Well, there is one case where the upper 32-bits are not zeroed. It turns out that xor eax, eax is assigned to opcode 0x90, which is better known to most people as NOP.

If you want real fun, read up on what happens with AVX registers. Whether or not you leave untouched or zero the upper bits are dependent on if you use VEX encoding or not.

2 comments

No, in section 3.4.1.1 General-Purpose Registers in 64-Bit Mode of the Intel® 64 and IA-32 Architectures Software Developer’s Manual, it says, "32-bit operands generate a 32-bit result, zero-extended to a 64-bit result in the destination general-purpose register."

`xor eax, eax` actually generates 0x31 0xc0, and `xor rax, rax` generates 0x48 0x31 0xc0. 0x90 decodes to xchg eax, eax in all modes except long mode, which has no effect. In long mode, the opcode 0x90 has no effect still but is no longer equal to xchg eax, eax.

Indeed xchg eax,eax is a nop idiom; there are many. Recent microarchitectures simply ignore nops without executing anything. From the Intel® 64 and IA-32 Architectures Optimization Reference Manual:

16.2.2.6 NOP Idioms

NOP instruction is often used for padding or alignment purposes. The Goldmont and later microarchitecture has hardware support for NOP handling by marking the NOP as completed without allocating it into the reservation station. This saves execution resources and bandwidth. Retirement resource is still needed for the eliminated NOP.

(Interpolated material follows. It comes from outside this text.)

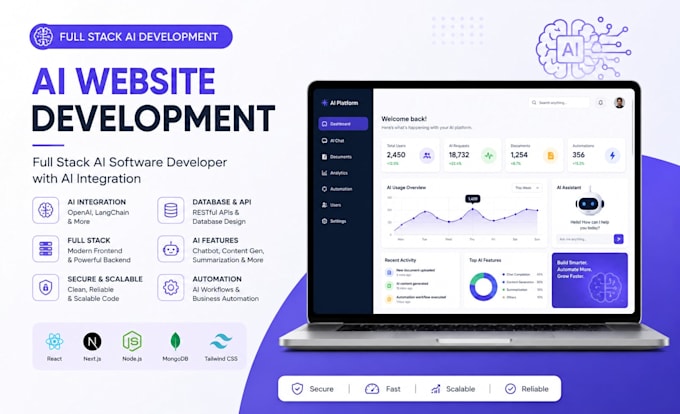 develop ai website as full stack ai software developer with ai integration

This nop idiom is very special however, since it isn't just about efficiency: if it wasn't a nop idiom, xchg eax, eax would not be a nop at all, it would clear the upper 32 bits, as xchg ebx, ebx does (or any other register other than eax).
> It turns out that xor eax, eax is assigned to opcode 0x90, which is better known to most people as NOP.

This can't be true, since xoring a register with itself zeroes that register, and zeroing a register can't possibly be a general NOP instruction.

XOR also sets flags, another thing NOPs can't do.

That's because it's actually xchg eax, eax not xor eax, eax.
xor eax,eax is a zero (or dependency breaking) idiom. Zero idioms are detected and removed by the renamer. So they have no execution latency.